New car - lease / hire?

mr:w

Well-known Member
My wife and I both have a car, both of which are around 7/8 years old and both have recently needed some pretty pricey services.

Our circumstances have changed recently and we can easily get by on one car. The idea is to sell both cars, bank the cash and / or use it as a deposit or payments on a lease car.

We'd switch to another new car at the end of the term, hopefully avoiding the loss incurred through purchase, or the costs associated with maintaining & servicing an older car.

Does anyone else 'own' a car though personal leasing? Is personal leasing rather than to a company actually possible? Is leasing worthwhile, or do other methods of ownership make more sense, ie. PCP, personal loan to purchase outright?
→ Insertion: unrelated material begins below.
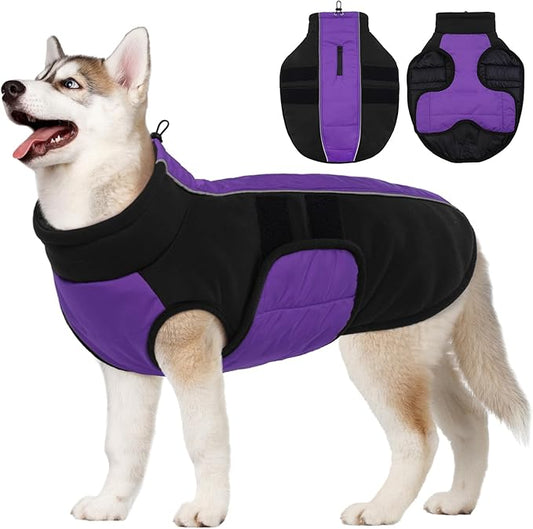 Kuoser XXXL Dog Coat, Dog Jackets for Large Dogs, Reflective Pet Winter Coat Cold Weather Coats, Doggie Snow Jacket Warm Apparel Clothes for Great Dane, Purple XXXL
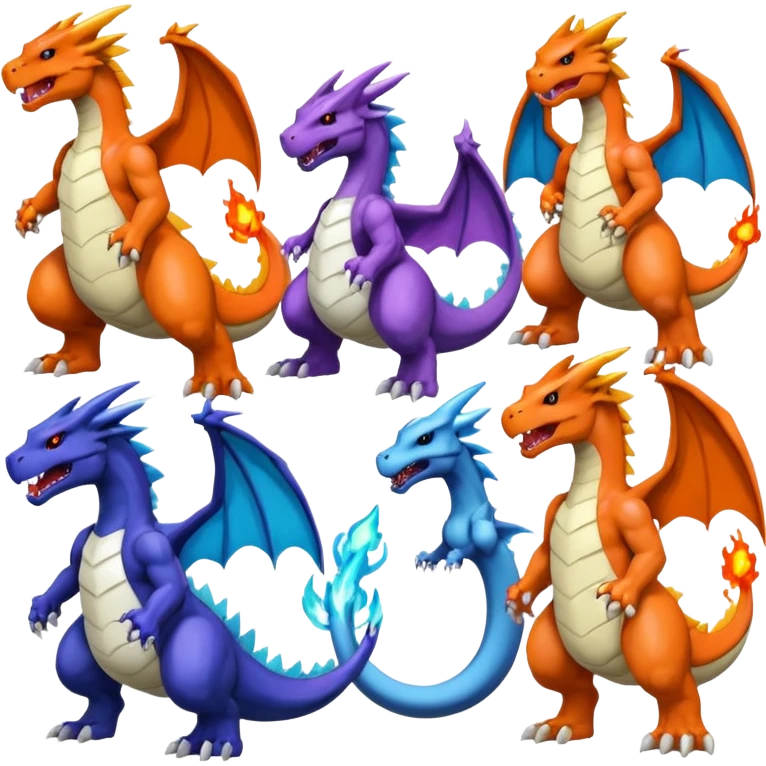 Charizard-Bulkmon-Canoweissmon-Darkdramon-Cybermon-Digimon-creature emoji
What are the recommended lease companies?

Cars we've been looking at are Audi A4, Lexus IS 250 etc.

Apologies for sounding so vague, our cars over the last 12 years have been private purchases so we're not too clued up on what's the best approach, and I'm not too trusting of any car sales people..... :blush:
 

FZR400RRSP

Banned
My wife's car is leased.
It can be a very cheap way to get yourself into a new car.
For example, my wife's top-of-the-range Fiesta only costs me £200 a month.
Couldn't hope to buy a new one for that, not unless we had a massive deposit or a loan over umpteen years.
Roadtax is also included.
Lings Cars was our first port of call, but they had none left.
However, they put us in touch with another lease company who did the deal at more or less the same cost as Lings.
I can't recall their name, but it would be a moot point anyway as they were bought over by someone else whose name escapes me.
 
Last edited:

lmccauley

Well-known Member
Generally, the cheapest (as in the lowest overall cost) way to own a decent car is to buy privately when about 3 years old and sell privately after about 3 years. Depreciation is usually the biggest cost of ownership, and buying & selling through a dealer means you pay for their margin.
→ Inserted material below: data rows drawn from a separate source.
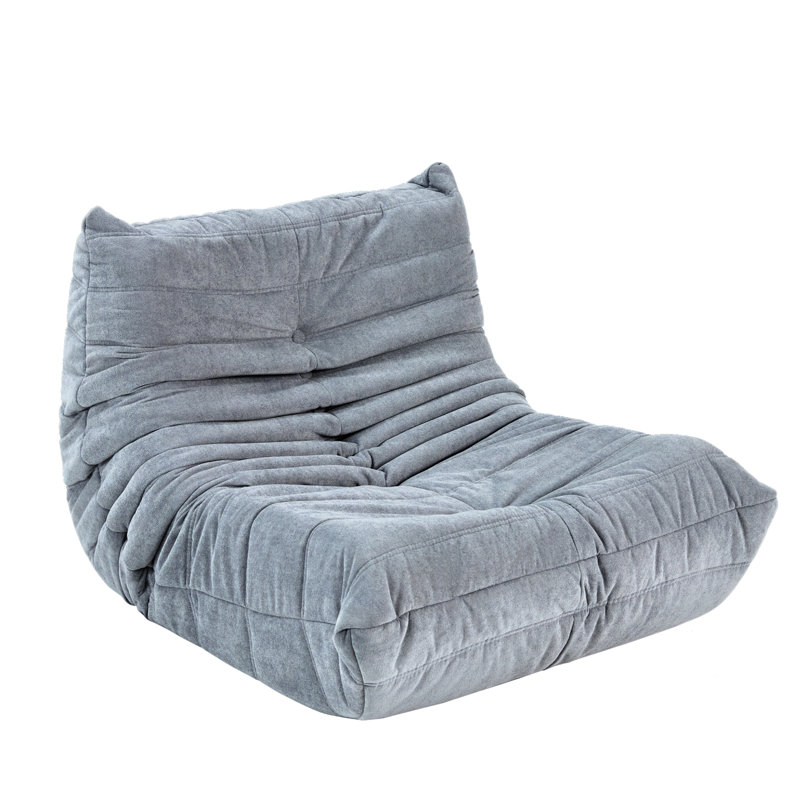 Bean bag Chair with button tufted back, Plain Gray Polyester Blend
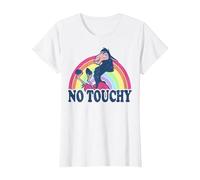 Disney The Emperor's New Groove Kuzco Rainbow No Touchy T-Shirt, Femme, Blanc, 3XL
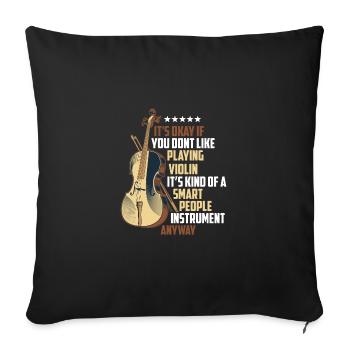 Violin Violinist Violinist String Instrument G - Sofa pillowcase 17,3'' x 17,3'' (45 x 45 cm) - black - Front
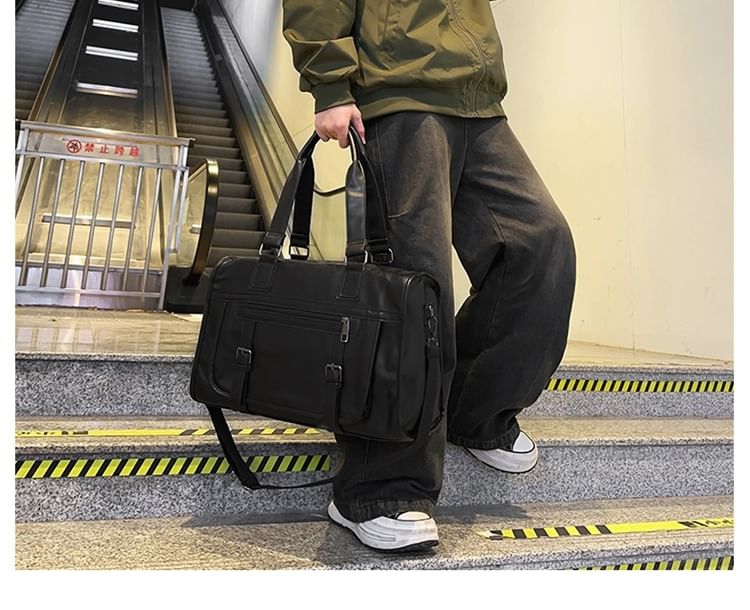 Faux Plain Bag Leather Carryall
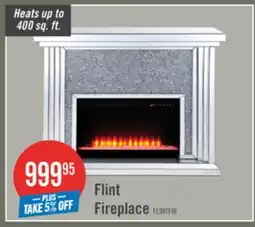 The Brick Flint 47.4 Glam Electric Fireplace - Silver and Glass offer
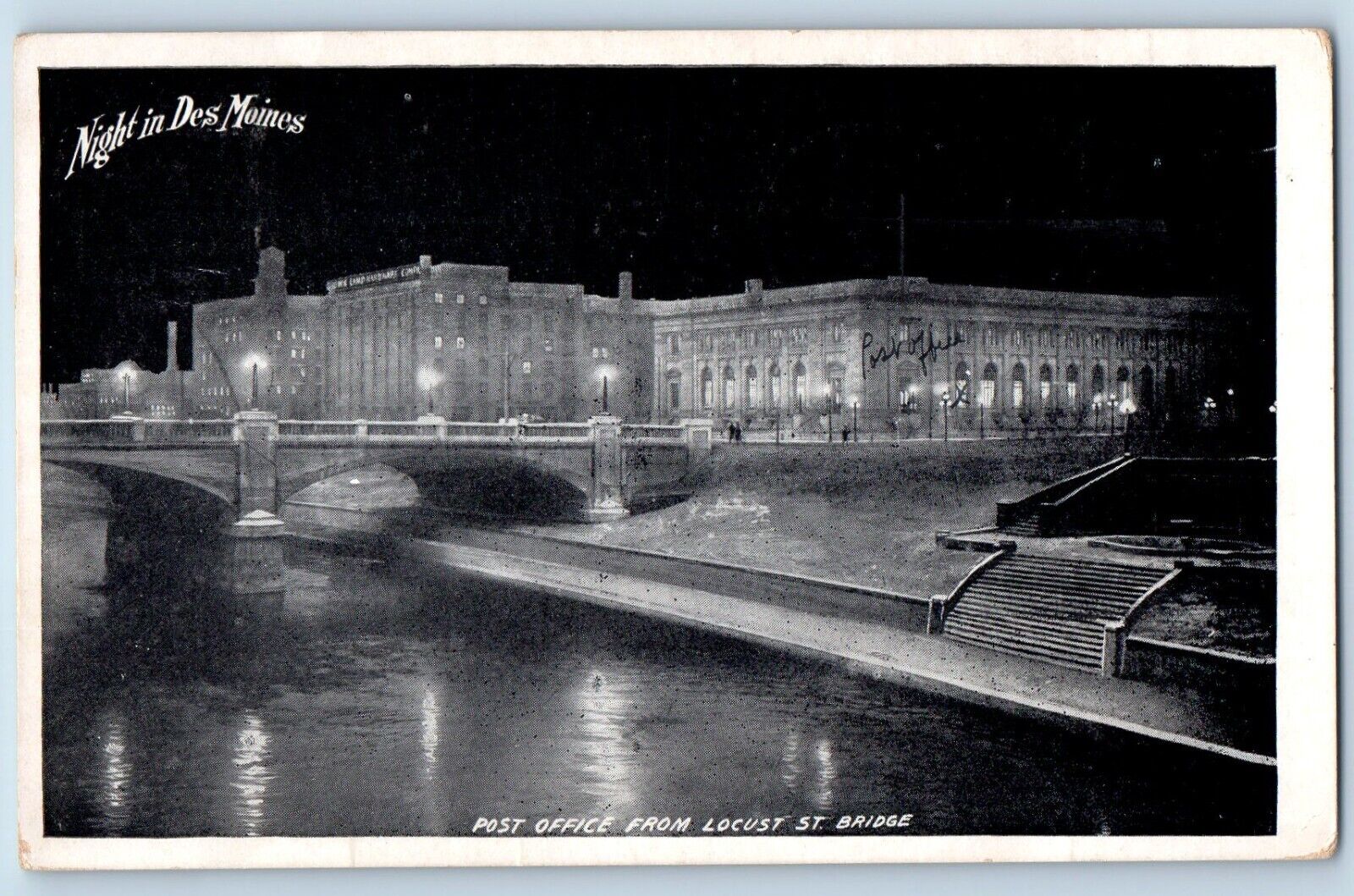 Des Moines Iowa IA Postcard Night Post Office Locust St. Bridge c1914 Vintage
Leasing has the benefit of owning a brand new car, and some good deals are available where the leasing company buys in bulk to get a discount. Also, you don't have the hassle of selling privately - you just hand back.
 

mr:w

Well-known Member
FZR400RRSP, thanks for the info. Did you need to pay any lump sum or deposit upfront or just jump straight in with the monthly payments? And how does it work at the end of the contract - simply hand the keys back?

Also are there limits on your mileage, and do you cover all servicing costs?
 

FZR400RRSP

Banned
FZR400RRSP, thanks for the info. Did you need to pay any lump sum or deposit upfront or just jump straight in with the monthly payments? And how does it work at the end of the contract - simply hand the keys back?
Also are there limits on your mileage, and do you cover all servicing costs?

Usual term is 3+35 months.
That means you pay 3 months up front, then 35 monthly payments.
Yes, you just hand it back at the end of the contract.
Yes, agreed limits are set up at the start of contract and your monthly payments are based on that.
For example, a 6k per year lease will be cheaper than a 10k per year lease.
Ours is 10k a year.
If you go over that it's something like 4p a mile, so even another 1000 miles will only cost £40.00.
Yes, servicing is down to us.
 

un1eash

Distinguished Member
Some lease hires can include servicing at an extra cost so its worth checking to see if it works out cheaper.
 

FZR400RRSP

Banned
Some lease hires can include servicing at an extra cost so its worth checking to see if it works out cheaper.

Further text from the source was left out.